Work to be completed ▸ Reproduce the data that follows precisely.

[Dataset entries Boundary: Start]

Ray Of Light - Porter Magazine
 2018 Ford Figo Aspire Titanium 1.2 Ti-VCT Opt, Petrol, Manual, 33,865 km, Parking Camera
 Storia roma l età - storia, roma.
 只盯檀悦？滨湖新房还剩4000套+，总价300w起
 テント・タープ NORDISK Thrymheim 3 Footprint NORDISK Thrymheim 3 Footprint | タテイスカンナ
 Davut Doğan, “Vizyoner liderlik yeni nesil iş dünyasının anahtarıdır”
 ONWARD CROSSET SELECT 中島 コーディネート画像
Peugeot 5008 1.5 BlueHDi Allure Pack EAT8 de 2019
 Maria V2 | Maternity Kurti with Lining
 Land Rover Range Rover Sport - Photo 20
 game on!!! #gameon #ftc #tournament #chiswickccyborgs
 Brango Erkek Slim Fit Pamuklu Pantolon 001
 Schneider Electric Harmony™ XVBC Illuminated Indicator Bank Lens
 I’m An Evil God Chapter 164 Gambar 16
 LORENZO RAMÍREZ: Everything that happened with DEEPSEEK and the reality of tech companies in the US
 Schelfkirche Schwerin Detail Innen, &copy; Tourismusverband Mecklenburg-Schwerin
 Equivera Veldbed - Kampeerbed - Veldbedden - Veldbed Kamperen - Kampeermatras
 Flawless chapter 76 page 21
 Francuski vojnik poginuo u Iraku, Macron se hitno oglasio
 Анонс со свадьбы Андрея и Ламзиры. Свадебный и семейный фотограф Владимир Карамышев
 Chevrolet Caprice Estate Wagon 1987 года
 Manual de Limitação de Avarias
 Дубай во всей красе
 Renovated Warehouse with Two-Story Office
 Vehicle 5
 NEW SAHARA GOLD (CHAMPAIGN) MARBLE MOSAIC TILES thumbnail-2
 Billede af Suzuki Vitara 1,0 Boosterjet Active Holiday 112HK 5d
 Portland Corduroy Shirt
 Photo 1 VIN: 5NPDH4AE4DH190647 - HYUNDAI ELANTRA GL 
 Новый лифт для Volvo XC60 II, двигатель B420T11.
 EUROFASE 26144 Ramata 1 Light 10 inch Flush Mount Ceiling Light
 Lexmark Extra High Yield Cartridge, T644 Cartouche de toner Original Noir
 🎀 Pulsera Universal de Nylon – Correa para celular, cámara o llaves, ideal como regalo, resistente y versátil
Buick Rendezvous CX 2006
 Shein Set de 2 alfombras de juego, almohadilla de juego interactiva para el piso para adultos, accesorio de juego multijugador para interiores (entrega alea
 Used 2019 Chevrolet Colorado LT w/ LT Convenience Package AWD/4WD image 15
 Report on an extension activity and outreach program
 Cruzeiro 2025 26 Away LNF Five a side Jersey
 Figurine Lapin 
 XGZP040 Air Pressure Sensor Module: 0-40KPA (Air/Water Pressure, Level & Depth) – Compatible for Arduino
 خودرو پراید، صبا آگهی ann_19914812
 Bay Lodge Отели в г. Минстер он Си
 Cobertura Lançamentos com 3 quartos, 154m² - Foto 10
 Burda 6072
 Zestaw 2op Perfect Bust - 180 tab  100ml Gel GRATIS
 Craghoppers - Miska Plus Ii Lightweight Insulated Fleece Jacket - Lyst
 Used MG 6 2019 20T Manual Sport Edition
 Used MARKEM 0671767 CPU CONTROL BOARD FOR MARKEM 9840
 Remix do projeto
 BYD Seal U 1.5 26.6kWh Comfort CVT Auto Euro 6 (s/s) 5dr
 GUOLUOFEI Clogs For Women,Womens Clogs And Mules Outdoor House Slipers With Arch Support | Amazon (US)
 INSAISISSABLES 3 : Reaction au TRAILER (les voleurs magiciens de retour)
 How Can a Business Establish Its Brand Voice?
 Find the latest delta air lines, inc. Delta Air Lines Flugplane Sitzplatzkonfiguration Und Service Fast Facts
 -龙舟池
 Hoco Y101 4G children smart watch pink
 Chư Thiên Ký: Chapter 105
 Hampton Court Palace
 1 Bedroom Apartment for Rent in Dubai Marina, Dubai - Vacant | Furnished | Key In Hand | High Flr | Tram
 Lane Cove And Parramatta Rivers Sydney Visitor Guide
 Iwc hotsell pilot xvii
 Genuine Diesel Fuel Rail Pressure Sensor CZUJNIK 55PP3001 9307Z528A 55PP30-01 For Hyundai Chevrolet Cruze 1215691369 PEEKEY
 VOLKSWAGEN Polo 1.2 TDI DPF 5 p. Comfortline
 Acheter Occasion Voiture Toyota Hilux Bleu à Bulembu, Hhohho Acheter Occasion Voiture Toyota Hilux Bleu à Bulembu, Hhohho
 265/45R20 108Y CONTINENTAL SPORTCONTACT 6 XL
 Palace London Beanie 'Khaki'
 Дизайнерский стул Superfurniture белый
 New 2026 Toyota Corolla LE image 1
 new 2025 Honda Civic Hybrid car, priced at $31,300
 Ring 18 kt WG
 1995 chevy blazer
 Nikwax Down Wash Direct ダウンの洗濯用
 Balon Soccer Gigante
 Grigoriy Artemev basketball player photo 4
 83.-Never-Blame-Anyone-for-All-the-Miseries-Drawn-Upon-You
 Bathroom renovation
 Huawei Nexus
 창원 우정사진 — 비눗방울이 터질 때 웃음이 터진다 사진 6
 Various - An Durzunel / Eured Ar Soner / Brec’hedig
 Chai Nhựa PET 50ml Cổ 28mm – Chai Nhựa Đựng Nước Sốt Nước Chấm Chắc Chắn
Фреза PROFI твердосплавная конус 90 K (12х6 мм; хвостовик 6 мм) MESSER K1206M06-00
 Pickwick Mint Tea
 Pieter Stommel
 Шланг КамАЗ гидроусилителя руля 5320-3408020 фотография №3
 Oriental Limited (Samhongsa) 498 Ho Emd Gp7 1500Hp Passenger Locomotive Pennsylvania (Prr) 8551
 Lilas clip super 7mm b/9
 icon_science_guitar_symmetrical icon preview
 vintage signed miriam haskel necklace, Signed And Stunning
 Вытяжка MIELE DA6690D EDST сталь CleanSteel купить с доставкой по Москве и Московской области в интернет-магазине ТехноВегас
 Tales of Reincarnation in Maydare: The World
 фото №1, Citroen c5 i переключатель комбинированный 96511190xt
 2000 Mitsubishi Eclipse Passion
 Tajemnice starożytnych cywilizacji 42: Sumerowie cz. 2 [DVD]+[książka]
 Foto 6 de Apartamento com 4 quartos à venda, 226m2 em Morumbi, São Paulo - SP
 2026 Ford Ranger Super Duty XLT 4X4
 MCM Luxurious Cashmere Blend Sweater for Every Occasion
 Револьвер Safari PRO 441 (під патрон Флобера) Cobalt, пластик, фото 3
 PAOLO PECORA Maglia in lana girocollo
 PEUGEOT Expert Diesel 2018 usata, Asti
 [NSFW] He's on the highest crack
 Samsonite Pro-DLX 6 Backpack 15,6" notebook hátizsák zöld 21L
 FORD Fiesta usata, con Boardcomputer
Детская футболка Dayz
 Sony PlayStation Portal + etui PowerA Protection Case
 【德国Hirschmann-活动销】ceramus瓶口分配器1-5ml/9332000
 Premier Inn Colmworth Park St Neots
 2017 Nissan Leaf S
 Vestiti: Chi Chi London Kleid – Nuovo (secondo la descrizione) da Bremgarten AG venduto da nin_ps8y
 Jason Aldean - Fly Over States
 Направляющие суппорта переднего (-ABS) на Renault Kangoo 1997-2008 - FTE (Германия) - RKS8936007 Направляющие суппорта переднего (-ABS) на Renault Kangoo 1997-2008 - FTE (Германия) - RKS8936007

[Dataset entries Boundary: End]

Completed exercise ▸
Ray Of Light - Porter Magazine
 2018 Ford Figo Aspire Titanium 1.2 Ti-VCT Opt, Petrol, Manual, 33,865 km, Parking Camera
 Storia roma l età - storia, roma.
 只盯檀悦？滨湖新房还剩4000套+，总价300w起
 テント・タープ NORDISK Thrymheim 3 Footprint NORDISK Thrymheim 3 Footprint | タテイスカンナ
 Davut Doğan, “Vizyoner liderlik yeni nesil iş dünyasının anahtarıdır”
 ONWARD CROSSET SELECT 中島 コーディネート画像
Peugeot 5008 1.5 BlueHDi Allure Pack EAT8 de 2019
 Maria V2 | Maternity Kurti with Lining
 Land Rover Range Rover Sport - Photo 20
 game on!!! #gameon #ftc #tournament #chiswickccyborgs
 Brango Erkek Slim Fit Pamuklu Pantolon 001
 Schneider Electric Harmony™ XVBC Illuminated Indicator Bank Lens
 I’m An Evil God Chapter 164 Gambar 16
 LORENZO RAMÍREZ: Everything that happened with DEEPSEEK and the reality of tech companies in the US
 Schelfkirche Schwerin Detail Innen, &copy; Tourismusverband Mecklenburg-Schwerin
 Equivera Veldbed - Kampeerbed - Veldbedden - Veldbed Kamperen - Kampeermatras
 Flawless chapter 76 page 21
 Francuski vojnik poginuo u Iraku, Macron se hitno oglasio
 Анонс со свадьбы Андрея и Ламзиры. Свадебный и семейный фотограф Владимир Карамышев
 Chevrolet Caprice Estate Wagon 1987 года
 Manual de Limitação de Avarias
 Дубай во всей красе
 Renovated Warehouse with Two-Story Office
 Vehicle 5
 NEW SAHARA GOLD (CHAMPAIGN) MARBLE MOSAIC TILES thumbnail-2
 Billede af Suzuki Vitara 1,0 Boosterjet Active Holiday 112HK 5d
 Portland Corduroy Shirt
 Photo 1 VIN: 5NPDH4AE4DH190647 - HYUNDAI ELANTRA GL 
 Новый лифт для Volvo XC60 II, двигатель B420T11.
 EUROFASE 26144 Ramata 1 Light 10 inch Flush Mount Ceiling Light
 Lexmark Extra High Yield Cartridge, T644 Cartouche de toner Original Noir
 🎀 Pulsera Universal de Nylon – Correa para celular, cámara o llaves, ideal como regalo, resistente y versátil
Buick Rendezvous CX 2006
 Shein Set de 2 alfombras de juego, almohadilla de juego interactiva para el piso para adultos, accesorio de juego multijugador para interiores (entrega alea
 Used 2019 Chevrolet Colorado LT w/ LT Convenience Package AWD/4WD image 15
 Report on an extension activity and outreach program
 Cruzeiro 2025 26 Away LNF Five a side Jersey
 Figurine Lapin 
 XGZP040 Air Pressure Sensor Module: 0-40KPA (Air/Water Pressure, Level & Depth) – Compatible for Arduino
 خودرو پراید، صبا آگهی ann_19914812
 Bay Lodge Отели в г. Минстер он Си
 Cobertura Lançamentos com 3 quartos, 154m² - Foto 10
 Burda 6072
 Zestaw 2op Perfect Bust - 180 tab  100ml Gel GRATIS
 Craghoppers - Miska Plus Ii Lightweight Insulated Fleece Jacket - Lyst
 Used MG 6 2019 20T Manual Sport Edition
 Used MARKEM 0671767 CPU CONTROL BOARD FOR MARKEM 9840
 Remix do projeto
 BYD Seal U 1.5 26.6kWh Comfort CVT Auto Euro 6 (s/s) 5dr
 GUOLUOFEI Clogs For Women,Womens Clogs And Mules Outdoor House Slipers With Arch Support | Amazon (US)
 INSAISISSABLES 3 : Reaction au TRAILER (les voleurs magiciens de retour)
 How Can a Business Establish Its Brand Voice?
 Find the latest delta air lines, inc. Delta Air Lines Flugplane Sitzplatzkonfiguration Und Service Fast Facts
 -龙舟池
 Hoco Y101 4G children smart watch pink
 Chư Thiên Ký: Chapter 105
 Hampton Court Palace
 1 Bedroom Apartment for Rent in Dubai Marina, Dubai - Vacant | Furnished | Key In Hand | High Flr | Tram
 Lane Cove And Parramatta Rivers Sydney Visitor Guide
 Iwc hotsell pilot xvii
 Genuine Diesel Fuel Rail Pressure Sensor CZUJNIK 55PP3001 9307Z528A 55PP30-01 For Hyundai Chevrolet Cruze 1215691369 PEEKEY
 VOLKSWAGEN Polo 1.2 TDI DPF 5 p. Comfortline
 Acheter Occasion Voiture Toyota Hilux Bleu à Bulembu, Hhohho Acheter Occasion Voiture Toyota Hilux Bleu à Bulembu, Hhohho
 265/45R20 108Y CONTINENTAL SPORTCONTACT 6 XL
 Palace London Beanie 'Khaki'
 Дизайнерский стул Superfurniture белый
 New 2026 Toyota Corolla LE image 1
 new 2025 Honda Civic Hybrid car, priced at $31,300
 Ring 18 kt WG
 1995 chevy blazer
 Nikwax Down Wash Direct ダウンの洗濯用
 Balon Soccer Gigante
 Grigoriy Artemev basketball player photo 4
 83.-Never-Blame-Anyone-for-All-the-Miseries-Drawn-Upon-You
 Bathroom renovation
 Huawei Nexus
 창원 우정사진 — 비눗방울이 터질 때 웃음이 터진다 사진 6
 Various - An Durzunel / Eured Ar Soner / Brec’hedig
 Chai Nhựa PET 50ml Cổ 28mm – Chai Nhựa Đựng Nước Sốt Nước Chấm Chắc Chắn
Фреза PROFI твердосплавная конус 90 K (12х6 мм; хвостовик 6 мм) MESSER K1206M06-00
 Pickwick Mint Tea
 Pieter Stommel
 Шланг КамАЗ гидроусилителя руля 5320-3408020 фотография №3
 Oriental Limited (Samhongsa) 498 Ho Emd Gp7 1500Hp Passenger Locomotive Pennsylvania (Prr) 8551
 Lilas clip super 7mm b/9
 icon_science_guitar_symmetrical icon preview
 vintage signed miriam haskel necklace, Signed And Stunning
 Вытяжка MIELE DA6690D EDST сталь CleanSteel купить с доставкой по Москве и Московской области в интернет-магазине ТехноВегас
 Tales of Reincarnation in Maydare: The World
 фото №1, Citroen c5 i переключатель комбинированный 96511190xt
 2000 Mitsubishi Eclipse Passion
 Tajemnice starożytnych cywilizacji 42: Sumerowie cz. 2 [DVD]+[książka]
 Foto 6 de Apartamento com 4 quartos à venda, 226m2 em Morumbi, São Paulo - SP
 2026 Ford Ranger Super Duty XLT 4X4
 MCM Luxurious Cashmere Blend Sweater for Every Occasion
 Револьвер Safari PRO 441 (під патрон Флобера) Cobalt, пластик, фото 3
 PAOLO PECORA Maglia in lana girocollo
 PEUGEOT Expert Diesel 2018 usata, Asti
 [NSFW] He's on the highest crack
 Samsonite Pro-DLX 6 Backpack 15,6" notebook hátizsák zöld 21L
 FORD Fiesta usata, con Boardcomputer
Детская футболка Dayz
 Sony PlayStation Portal + etui PowerA Protection Case
 【德国Hirschmann-活动销】ceramus瓶口分配器1-5ml/9332000
 Premier Inn Colmworth Park St Neots
 2017 Nissan Leaf S
 Vestiti: Chi Chi London Kleid – Nuovo (secondo la descrizione) da Bremgarten AG venduto da nin_ps8y
 Jason Aldean - Fly Over States
 Направляющие суппорта переднего (-ABS) на Renault Kangoo 1997-2008 - FTE (Германия) - RKS8936007 Направляющие суппорта переднего (-ABS) на Renault Kangoo 1997-2008 - FTE (Германия) - RKS8936007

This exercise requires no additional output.